Depois, o Papa cita uma bonita passagem de Santo Agostinho: «Se nos reconhecermos no sedento, reconhecer-nos-emos também no saciado» (Sobre o Salmo 62, 3).

Com efeito, se muitas vezes na nossa vida experimentamos o deserto, a solidão, o cansaço e a esterilidade, contudo não devemos esquecer isto: «Para não esvaecer neste deserto, acrescenta Agostinho, Deus asperge-nos com o orvalho da sua Palavra [...]. Faz-nos, sim, sentir sede, mas depois vem saciá-la. [...] Deus teve piedade de nós e abriu-nos um caminho no deserto: Nosso Senhor Jesus Cristo», e este é o caminho no deserto da vida. Há um deserto, mas há um caminho; há sede, mas há água.

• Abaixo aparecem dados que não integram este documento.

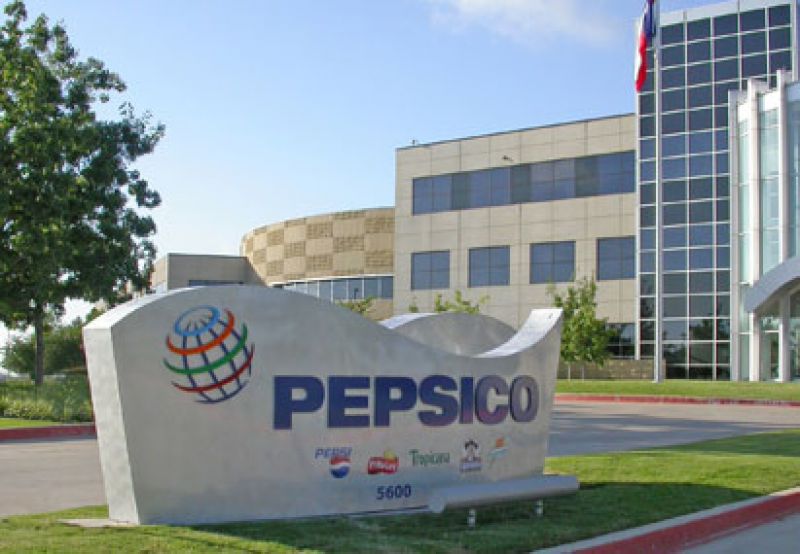 PepsiCo 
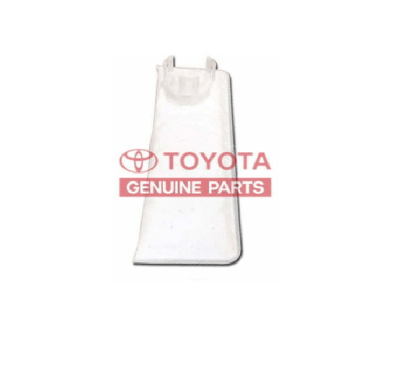FILTRO BENCINA BOMBA TOYOTA ALL NEW YARIS 2014-20171
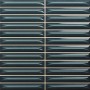 Плитка Dar Ceramics 20x20 настенная Nairobi Arrow Blue глянцевая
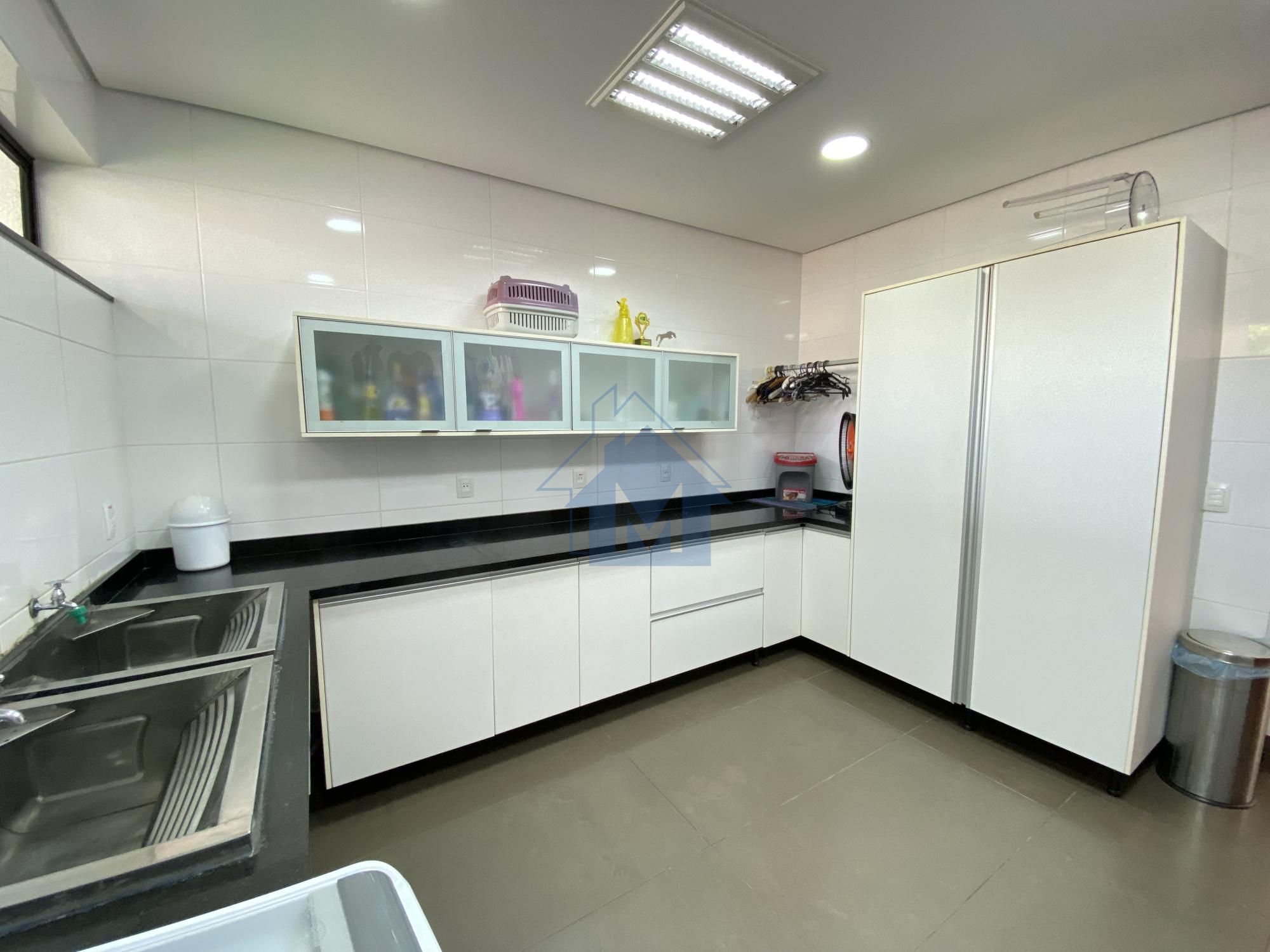 Casa de Condomínio à venda com 5 quartos, 850m² - Foto 28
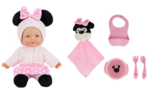 Disney Minnie Mouse Doll Set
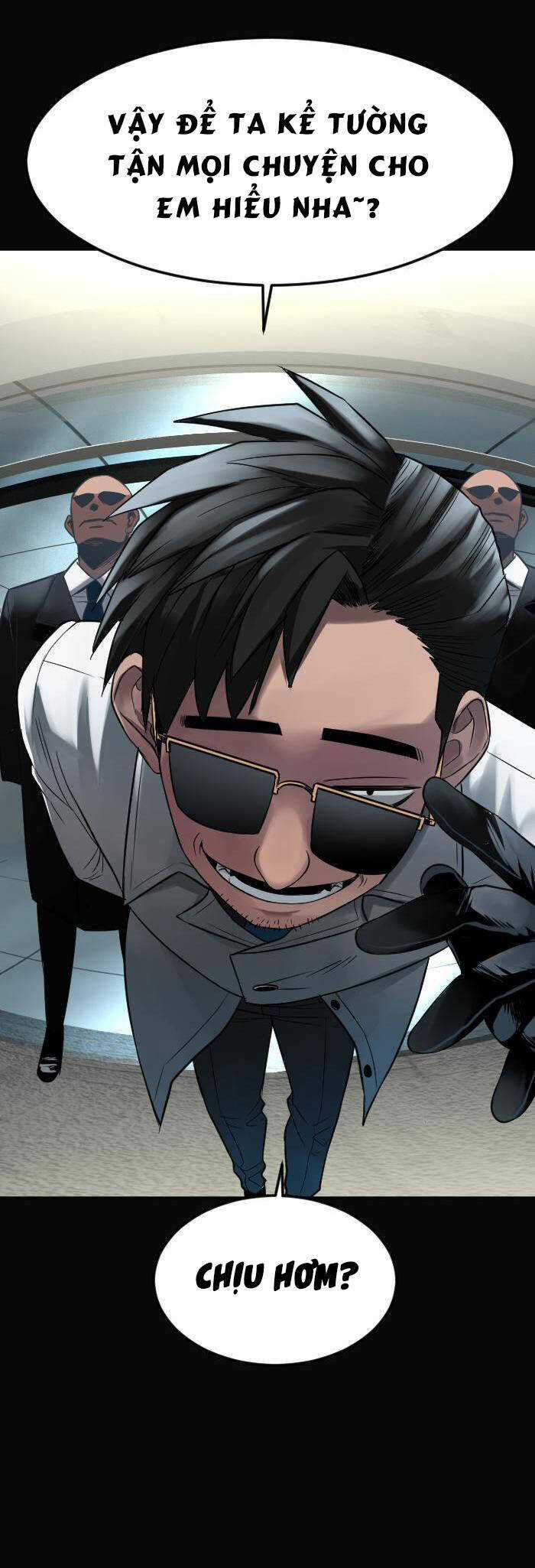 Good/Bad Fortune - Chương 105 - Trang 8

A escritora dinamarquesa Karen Blixen encarou este mistério, é este o destino dos verdadeiros artistas, habitou esta interrogação e ofereceu-nos esta reflexão: «Até hoje, ninguém viu aves migratórias dirigir-se para esferas mais quentes que não existem, ou rios desviados através de rochedos e planícies a fim de correr para um oceano que não se pode encontrar. Pois Deus não cria um anseio, um desejo ou uma esperança, sem ter pronta uma realidade que os realize. O nosso anseio é a nossa certeza, e bem-aventurados sejam os nostálgicos, porque voltarão para casa».

Voltando para casa da viagem à Mongólia, o Papa oferece-nos esta esperança possível, necessária e credível.